Des physiciens et des mathématiciens de l’Université fédérale de l’Oural (UrFU) ont calculé comment des facteurs externes affectent le comportement des processus atmosphériques et océaniques El Niño dans la région du Pacifique. Dans le modèle mathématique, ils ont pris en compte le vent, l’humidité, la température, les courants océaniques et d’autres paramètres pouvant conduire à des résultats El Niño imprévisibles. Il s’agit d’un phénomène dans lequel la température de la partie supérieure de l’océan Pacifique augmente et les eaux proches de la surface se déplacent vers l’est. L’apparition d’El Niño affecte les précipitations, la pêche au Pérou, au Chili, en Équateur et le changement climatique sur la planète. Description des caractéristiques du phénomène inhabituel et de ses scénarios, les scientifiques ont publié dans la revue Physique D : Phénomènes non linéaires.

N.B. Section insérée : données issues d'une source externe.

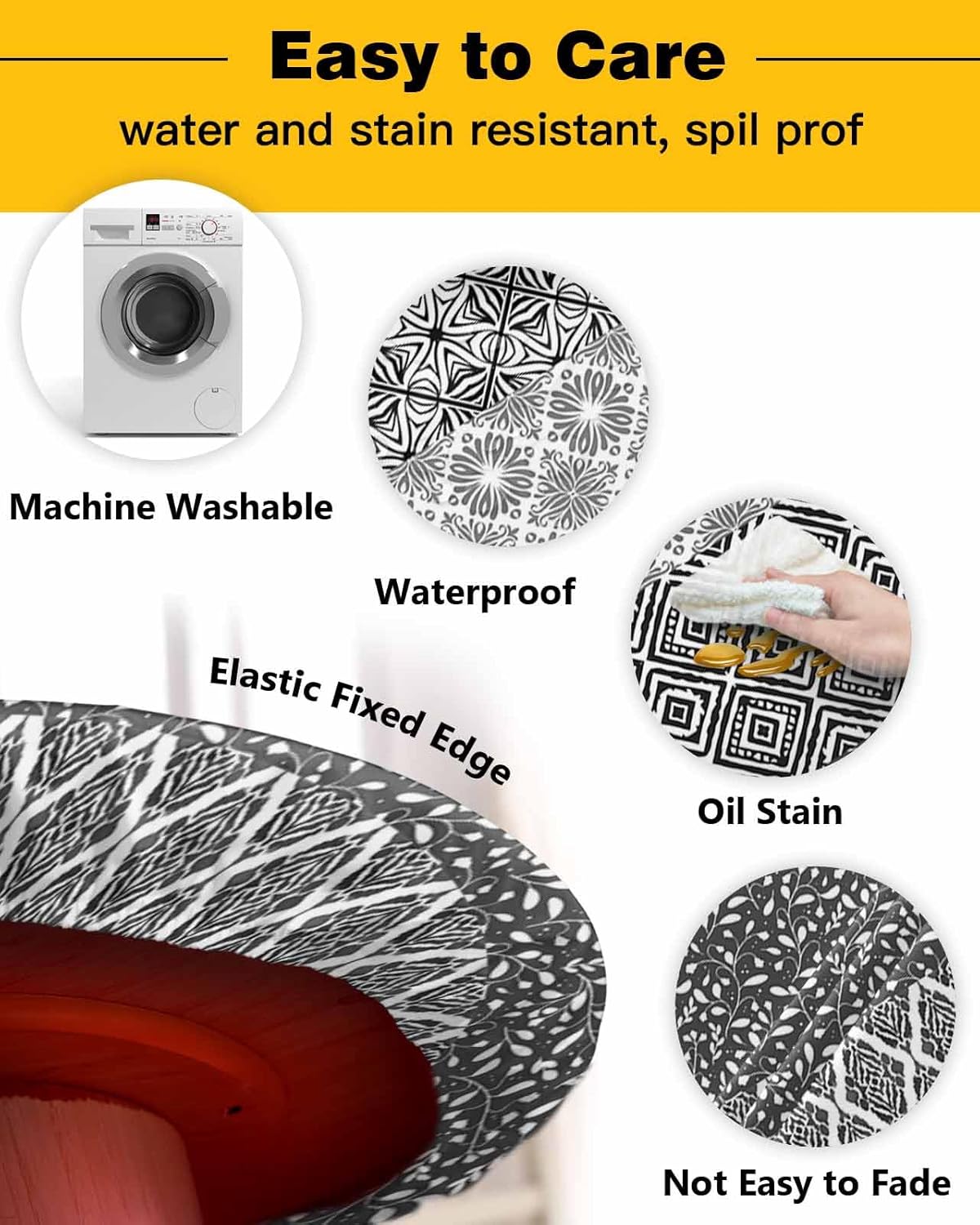 Boho Gray Round Waterproof Table Cover Fitted Tablecloth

« Nos calculs ont montré que plus l’intensité du bruit est élevée, plus les conséquences sont imprévisibles, plus les perturbations sont fortes, plus El Niño va se manifester de manière intense. Et pour que le système sorte de l’équilibre, il faut parfois un petit coup de pouce. : une modification de l’humidité ou des courants océaniques », explique Dmitri Alexandrov, responsable du Laboratoire de modélisation mathématique multi-échelles à l’UrFU.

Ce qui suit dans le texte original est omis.